Remove jewelry before rigorous physical activity or going to bed.

Prolong Its Life

Store your jewelry in a cloth bag away from natural sunlight and heat.

Keep Away from Water

Our materials don’t mix well with moisture. Avoid contact with water, lotion and perfume.


We want you to enjoy your Lamu leather goods for a lifetime. From the moment they are crafted, until they arrive in your arms, they need to be cared for properly.

By following just a few simple rules, you can avoid unnecessary wear and tear.


Regularly clean leather with a soft brush or cloth

Regularly air out leather

Blot away water or moisture as soon as possible

Dry wet leather naturally, away from artificial heat

Clean spots and stains with a mixture of soap flakes and warm water

Use a steam cleaner to disinfect and remove buildup from regular use

Test any conditioners, cleaners, polishes or wax in a hidden spot beforehand

Never machine wash leather

Don’t get leather wet wherever possible

Don’t dry wet leather next to a radiator or with a hairdryer

Never tumble dry leather

Don’t iron leather

Never immerse leather in water to clean


Wooden utensils are gorgeous, useful and can last forever if you treat them right. They also don’t contain any plastic, which makes them a major environmental win.


To keep your wooden utensils in the best shape possible, follow these tips:

Hand-wash wooden utensils with hot water and mild dish soap. Although wooden utensils could technically be cleaned in the dishwasher, it’s not a good idea. The high water temperatures in the dishwasher can dry them out and lead to cracks in the wood. Simple hand washing is best for wooden items.

Blot freshly washed wooden utensils with a clean dishtowel, then allow them to air-dry completely before putting them away.
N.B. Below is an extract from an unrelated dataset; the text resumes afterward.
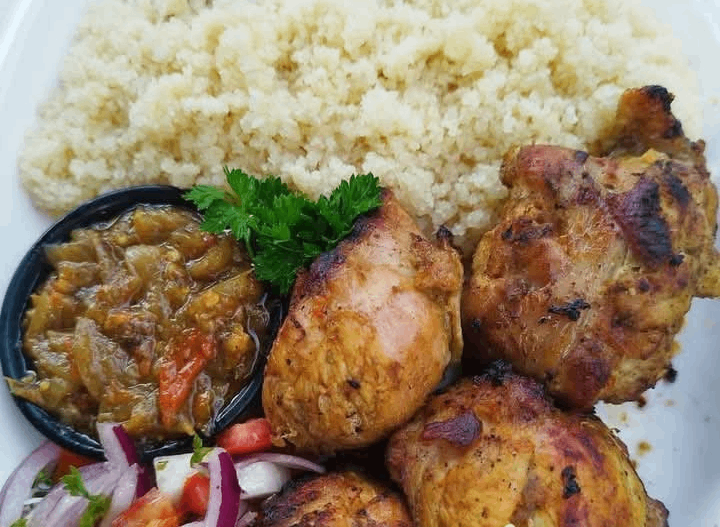 ATTIÉKÉ POULET BRAISÉ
If your wooden utensils start to look dry or don’t feel super smooth, periodically rub them with mineral oil or a beeswax compound. Don’t use food-based oil like vegetable or olive oil, since these types of oils can go rancid.
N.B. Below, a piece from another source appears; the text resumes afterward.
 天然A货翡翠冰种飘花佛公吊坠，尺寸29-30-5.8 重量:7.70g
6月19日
Wooden utensils can eventually split as they dry out or are exposed to extreme temperature changes. Dispose of split wooden tools, because food could get trapped in the cracks.
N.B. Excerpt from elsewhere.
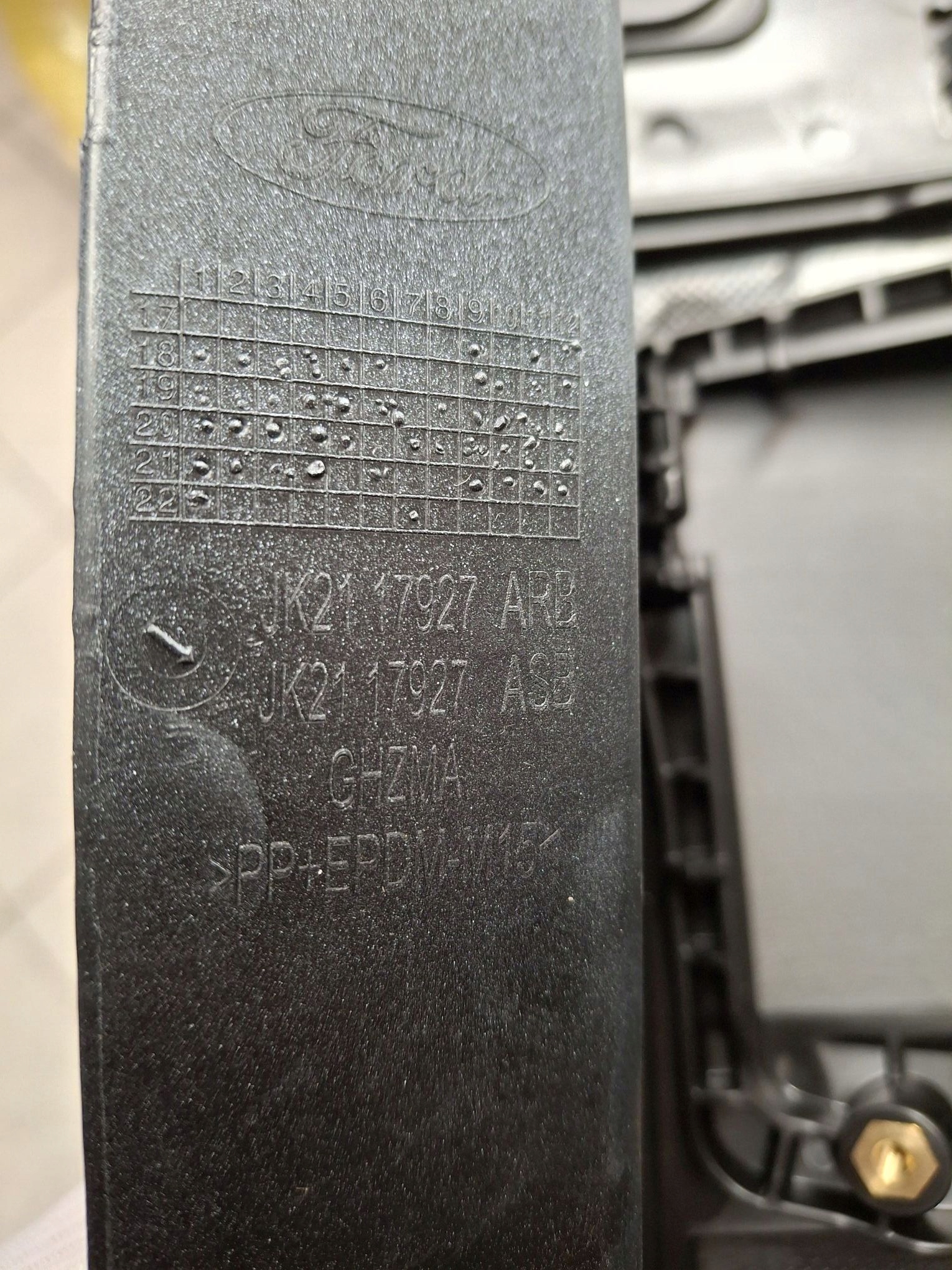 bumper rear part corner left FORD CUSTOM LIFT 2017R->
Highly pigmented foods, such as tomato sauce or berries, will stain wooden utensils and cutting boards. They’re still safe to use if they’re stained, and the stains will eventually fade.

If your wooden utensils develop spotted stains or roughness, these can be rubbed away with a piece of fine sandpaper. Oil the surface afterward with mineral oil or a beeswax compound.

With these tips, your wooden kitchen utensils should last a long, long time.